The batch loading functionality found here allows you to add specimen OR lot records from a spreadsheet format.  Data are typically compiled in excel or google docs then exported to a tab delimited format which is read by the importer.
 
The batch loading functionality found here allows you to add specimen OR lot records from a spreadsheet format.  Data are typically compiled in excel or google docs then exported to a tab delimited format which is read by the importer.
 +
 +
'''Important:  Most records require the use of an Identifier, which in turn needs a [[App/namespace|Namespace]].'''
  
 
== Summary steps ==
 
== Summary steps ==

Revision as of 10:51, 2 February 2012

Contents

Overview

The batch loading functionality found here allows you to add specimen OR lot records from a spreadsheet format. Data are typically compiled in excel or google docs then exported to a tab delimited format which is read by the importer.
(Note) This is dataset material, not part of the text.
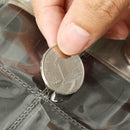 60 Square Silver Copper Coin within 35*35mm Book Location Collecting Desktop Box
Important: Most records require the use of an Identifier, which in turn needs a Namespace.

Summary steps

  1. Assemble the import file.
    • Each row must contain a header BUT not headers need be matches to those possible headers listed below. If they do not match they are ignored!
    • The first row must contain the headers for each row. Only those columns that match the list below will be read. Columns with headers not matching are ignored.
    • Each row represents a single specimen or lot.
    • Each row must match an existing OTU already in mx. Matching of row data to the existing is possible via various mechanisms (see table below).
      • One possible mechanism for quickly adding new OTUs that don't exist is to use Google Refine on an 'otu_name' column.
        1. Create a new project in Google refine by selecting the text file that you will later import.
        2. Click on the arrow to the right of the 'otu_name' column and select 'Facet'->'Text facet'. A window to the left will highlight all unique names (as an side this is very useful for debugging your data, see the Google Refine tutorials).
        3. Click '123 choices" in the facet box, this will bring up a text file that you can copy/paste to a new text file.
        4. Modify that file to include only 1 OTU name / line.
        5. Navigate to OTU->'more options'->'batch load' and load your unique OTU names.
  2. Once the file is ready for testing follow the batch loading instructions in mx.

Saving from Excel

If you work in Excel to capture your data you'll be exporting it prior to loading it. Your data should be saved in one of the following formats, (topmost preferred).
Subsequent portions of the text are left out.